Par Luc Lacourcière
Selon François Colbert, le positionnement marketing représente « la place occupée dans l’esprit du consommateur par une entreprise ou son produit » (Colbert . 2014, p.133.). Ce positionnement opère à deux niveaux, le positionnement perçu (ce que les consommateurs pensent de l’entreprise) et le positionnement souhaité (la manière dont l’entreprise voudrait être perçue). Lorsque c’est deux éléments ne concordent pas, les entreprises, en règle générale, procèdent à un repositionnement marketing (Colbert . 2014, p.137), c’est-à-dire qu’elles tentent de changer la perception que les consommateurs ont par rapport à leur entreprise comme tel ou leur produit. Cette situation fut récemment vécue par la Maison des Arts Desjardins de Drummondville.

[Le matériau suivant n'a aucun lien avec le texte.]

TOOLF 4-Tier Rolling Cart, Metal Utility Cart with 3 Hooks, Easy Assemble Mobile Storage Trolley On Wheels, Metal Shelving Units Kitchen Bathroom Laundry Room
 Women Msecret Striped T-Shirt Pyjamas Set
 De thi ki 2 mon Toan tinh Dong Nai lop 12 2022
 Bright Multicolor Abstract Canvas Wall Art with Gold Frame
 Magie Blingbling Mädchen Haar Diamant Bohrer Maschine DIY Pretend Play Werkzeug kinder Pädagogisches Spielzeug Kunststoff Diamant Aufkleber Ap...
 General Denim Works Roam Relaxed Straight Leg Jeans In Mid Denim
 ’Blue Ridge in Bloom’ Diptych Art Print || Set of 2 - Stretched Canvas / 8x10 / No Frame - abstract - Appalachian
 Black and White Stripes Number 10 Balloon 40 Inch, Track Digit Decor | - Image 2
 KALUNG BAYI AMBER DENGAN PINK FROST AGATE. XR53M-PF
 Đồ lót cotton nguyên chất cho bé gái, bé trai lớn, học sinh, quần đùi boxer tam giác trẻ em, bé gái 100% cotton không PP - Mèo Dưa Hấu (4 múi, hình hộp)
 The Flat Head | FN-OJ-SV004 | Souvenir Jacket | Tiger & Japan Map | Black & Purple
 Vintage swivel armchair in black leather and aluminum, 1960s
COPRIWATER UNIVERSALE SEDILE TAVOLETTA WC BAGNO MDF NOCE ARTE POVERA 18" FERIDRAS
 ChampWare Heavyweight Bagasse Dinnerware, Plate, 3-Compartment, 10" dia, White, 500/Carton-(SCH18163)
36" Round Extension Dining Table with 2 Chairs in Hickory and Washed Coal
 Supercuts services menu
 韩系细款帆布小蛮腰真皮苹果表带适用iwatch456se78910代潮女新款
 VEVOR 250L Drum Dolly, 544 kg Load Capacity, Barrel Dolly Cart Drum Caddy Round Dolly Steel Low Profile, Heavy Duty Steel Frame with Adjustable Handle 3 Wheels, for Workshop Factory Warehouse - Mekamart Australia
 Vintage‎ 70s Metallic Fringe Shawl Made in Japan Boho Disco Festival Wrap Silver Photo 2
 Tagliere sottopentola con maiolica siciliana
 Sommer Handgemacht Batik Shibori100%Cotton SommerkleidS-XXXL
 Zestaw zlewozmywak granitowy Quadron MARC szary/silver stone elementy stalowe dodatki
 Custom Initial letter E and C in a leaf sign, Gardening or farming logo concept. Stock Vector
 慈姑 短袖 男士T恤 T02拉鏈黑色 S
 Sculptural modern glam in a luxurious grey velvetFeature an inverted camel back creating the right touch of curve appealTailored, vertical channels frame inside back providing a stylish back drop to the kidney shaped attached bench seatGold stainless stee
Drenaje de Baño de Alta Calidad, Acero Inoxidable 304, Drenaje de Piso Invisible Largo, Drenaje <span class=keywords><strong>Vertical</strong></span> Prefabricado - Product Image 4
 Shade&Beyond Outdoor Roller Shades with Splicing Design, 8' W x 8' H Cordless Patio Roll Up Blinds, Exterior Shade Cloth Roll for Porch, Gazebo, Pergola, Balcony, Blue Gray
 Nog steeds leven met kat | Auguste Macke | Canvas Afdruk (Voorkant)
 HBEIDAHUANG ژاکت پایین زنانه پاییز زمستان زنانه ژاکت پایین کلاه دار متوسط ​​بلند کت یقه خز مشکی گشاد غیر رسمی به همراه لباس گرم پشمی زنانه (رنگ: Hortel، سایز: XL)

En effet, lors des années récentes, la Maison des Arts de Drummondville a drastiquement changé son image, notamment grâce à une nouvelle directrice générale et artistique : Marie-Pierre Simoneau. En effet, avec l’appui de la municipalité, Mme Simoneau entreprit d’analyser les changements démographiques dans la région pour s’apercevoir que la segmentation de son marché avait énormément changé. En effet, le segment démographique qui composait la vaste majorité des consommateurs à la Maison des Arts était déterminée par l’âge : c ‘était les baby boomers. Ce segment appréciait le style « musée des beaux arts » classique qui faisait auparavant la marque de commerce de cette entreprise. Par contre, lors de l’analyse des statistiques démographiques, Marie-Pierre et son équipe s’aperçurent que cette population était en déclin et qu’un nouveau segment l’avait rejoint en terme de volume : les 18-25 ans. Cependant, ces derniers étaient également la tranche d’âge la moins susceptible d’entrer à la Maison des Arts. Ainsi, pour veiller à la pérennité de cet établissement, Mme Simoneau et son administration décidèrent d’effectuer un repositionnement majeur. La programmation de la Maison changea drastiquement pour attirer les membres de ce nouveau segment sous-exploité. Mme Simoneau ouvrit les portes à des artistes plus modernes et entreprit d’organiser des évènements plus spécifiques pour attirer les 18-25 ans, notamment des évènements en plein air et des spectacles de musique populaire (R&B, hip-hop, etc.).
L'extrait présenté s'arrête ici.